Inside the plan — another plan
The data recovery plan is the core of the entire disaster recovery procedure, since without backed-up data — there will simply be nothing to work with.
Items in the sub-plan can correspond to a larger plan: recovery point and time, analysis of risks and weaknesses, storage method (cloud or physical media), etc. It is also better to test the data recovery plan more often because data is the essence of IT and it is key to any disaster response.
Always in touch
A critical component of the disaster recovery checklist is the communications plan.
This is a document that systematizes the information exchange, its type, time, and place. It includes the responsibility and availability for ensuring the chosen form of communication.
If this recovery requires working with big data, contact DATAFOREST, who specializes in this type of activity.

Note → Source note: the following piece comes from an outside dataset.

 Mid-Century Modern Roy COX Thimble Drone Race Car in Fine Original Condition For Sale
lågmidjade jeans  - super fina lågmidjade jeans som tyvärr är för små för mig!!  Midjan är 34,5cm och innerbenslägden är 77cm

Debugging communications occur as in a normal project, with the only difference being that the implementation of the disaster recovery plan has the highest degree of urgency and responsibility. Therefore, the key contributors must be reliable and committed people, either already on the disaster recovery team or called upon as needed. If third parties are involved in the disaster recovery plan, you need to include their representatives in the communication team too.
Clear and understandable
When following the disaster recovery plan, key personnel and other members of the disaster response team should agree on how to communicate. This can be personal communication, a specially created telegram channel, or a Slack group, as long as this method is accessible and convenient for everyone. The quality of communication in a team must comply with the basic principles of information flow.

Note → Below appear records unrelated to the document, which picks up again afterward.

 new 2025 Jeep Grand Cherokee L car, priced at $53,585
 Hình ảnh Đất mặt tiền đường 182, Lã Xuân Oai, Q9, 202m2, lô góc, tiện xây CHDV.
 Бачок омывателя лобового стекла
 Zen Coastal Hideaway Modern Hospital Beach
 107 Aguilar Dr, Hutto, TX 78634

1. Accuracy of information communicated
2. Correspondence of the message with the meaning of the process
3. The impact of the received information on the actions of the recipient
When executing the disaster recovery testing checklist, there will not be much time for chatter, information that makes it difficult to understand the main meaning of the message, and redundancy (the size of the message) should be avoided. Information should be brief, relevant, accurate, and complete.
When to act quickly
To respond quickly during a crisis, the disaster recovery plan needs to stipulate an emergency alert system
- For the emergency team
- The rest of the company
- Relevant outsourced partners
- Appropriate suppliers
- Appropriate customers
Messages are transmitted in real-time: by calls, emails or text messages.
As part of a disaster recovery plan, emergency communication mechanisms should have up-to-date contact information and be tested periodically.

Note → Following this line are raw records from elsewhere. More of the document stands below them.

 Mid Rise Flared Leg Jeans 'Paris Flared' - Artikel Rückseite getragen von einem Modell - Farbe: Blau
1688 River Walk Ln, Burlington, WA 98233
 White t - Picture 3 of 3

Practicing communication methods
Emergency communications during disaster recovery require certain skills, that is, it requires training. The procedure is as follows:
1. Analysis of needs and number of performers
2. Definition of executing technologies
3. Calculation of the transmission capacity of the system in an emergency
4. Database development and user training
5. Integration into the overall disaster recovery plan
Reconciliation of items with budgetary capacity is also necessary to determine whether third-party assistants are needed or if internal company reserves can be used.
Disaster recovery technical tools
There are two effective approaches to technically implementing disaster recovery: cloud and physical.
With the cloud, everything is clear — the "cast" is stored either on its own remote server or on a partner one. It is impossible to physically store data at the accident site, so a pre-prepared parallel infrastructure is needed. In this case, we are dealing with the distribution of data over different nodes, i.e. — replication.
There are two types of replication
- Passive — data modification occurs in the primary replica, and instructions are sent to a parallel structure, where calculations and changes take place. If the primary link fails with a short timeout, the passive replica turns on
- Active — modification occurs simultaneously in the primary and reserve structures. If the primary system fails, any of the active ones take over the load
Parallel infrastructure in the context of disaster recovery allows one to recover quickly and not think about the long-term rental of partner equipment or paying for a cloud service.
How to understand that normal operation has been restored?
When the disaster recovery plan has been fully (and successfully) executed, normal operation will have been restored. It's not necessarily the case that everything will be the same as before the crisis. The plan may have transferred data, relocated employees, or distributed work remotely, as well as implemented changes in the composition and functions of the team. But business operations will now be possible, whereas before, they were not.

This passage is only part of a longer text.